NIH cites European precedent in call for disclosure of clinical trial data

NIH Director Francis Collins

The push for publication of more clinical trial data has made the leap beyond Europe. If the U.S. National Institutes of Health (NIH) gets its way, any researcher it funds will have to publish a summary of their results and adverse events, regardless of whether the trial succeeded or failed.

The NIH views the proposal as a way to start correcting publication bias--which results in the public never seeing negative trial results--and maximizing the value of the clinical data it helps to generate. Data from trials that failed could help researchers avoid repeating unsafe or unsuccessful trials, while also giving them guideposts for designs of future studies. The NIH has already mandated the sharing of other types of results--such as data from genomics projects it funds--but clinical trial disclosure has lagged behind.

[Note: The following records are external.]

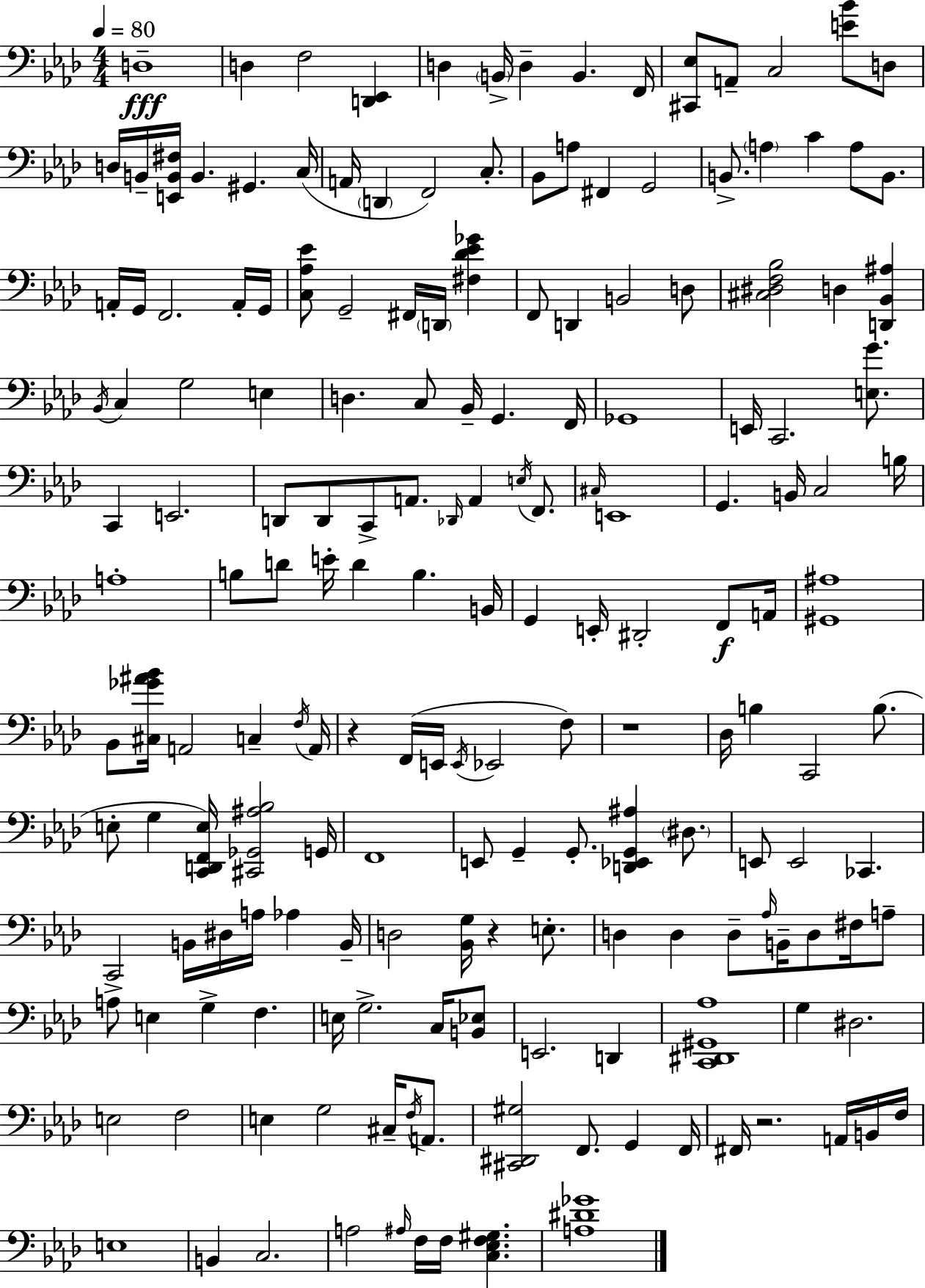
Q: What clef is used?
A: bass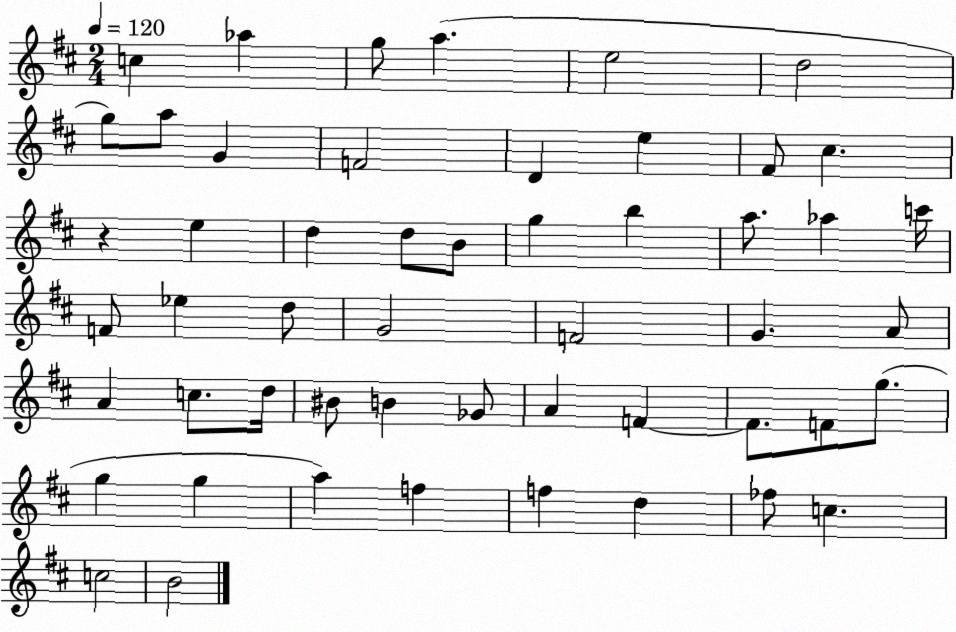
X:1
T:Untitled
M:2/4
L:1/4
K:D
c _a g/2 a e2 d2 g/2 a/2 G F2 D e ^F/2 ^c z e d d/2 B/2 g b a/2 _a c'/4 F/2 _e d/2 G2 F2 G A/2 A c/2 d/4 ^B/2 B _G/2 A F F/2 F/2 g/2 g g a f f d _f/2 c c2 B2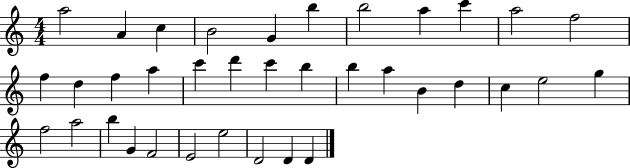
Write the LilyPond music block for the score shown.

{
  \clef treble
  \numericTimeSignature
  \time 4/4
  \key c \major
  a''2 a'4 c''4 | b'2 g'4 b''4 | b''2 a''4 c'''4 | a''2 f''2 | \break f''4 d''4 f''4 a''4 | c'''4 d'''4 c'''4 b''4 | b''4 a''4 b'4 d''4 | c''4 e''2 g''4 | \break f''2 a''2 | b''4 g'4 f'2 | e'2 e''2 | d'2 d'4 d'4 | \break \bar "|."
}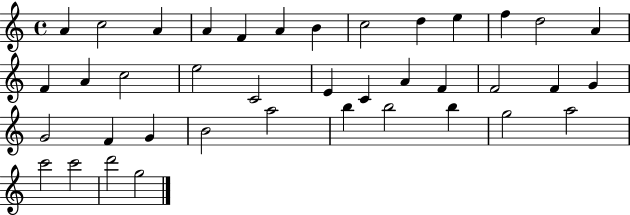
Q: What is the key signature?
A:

Efforts in Europe to make companies disclose more clinical trial data cleared some of the obstacles the NIH was facing. "We believe that if clinical trial results information is available via another publicly accessible data bank (such as [European database] EudraCT), a number of the concerns that have been expressed about disclosure in ClinicalTrials.gov would no longer be applicable," the NIH wrote in the proposed rule.

The actions taken by European politicians have shifted the tone of the transparency debate. And the harmonization of common data elements between EudraCT and ClinicalTrials.gov lessens the validity of one of the technical objections to the NIH proposal. The NIH thinks it should be relatively simple for any organization that is adding data to the European system to also submit files to ClinicalTrials.gov.

The NIH is accepting feedback on the proposal until February 19.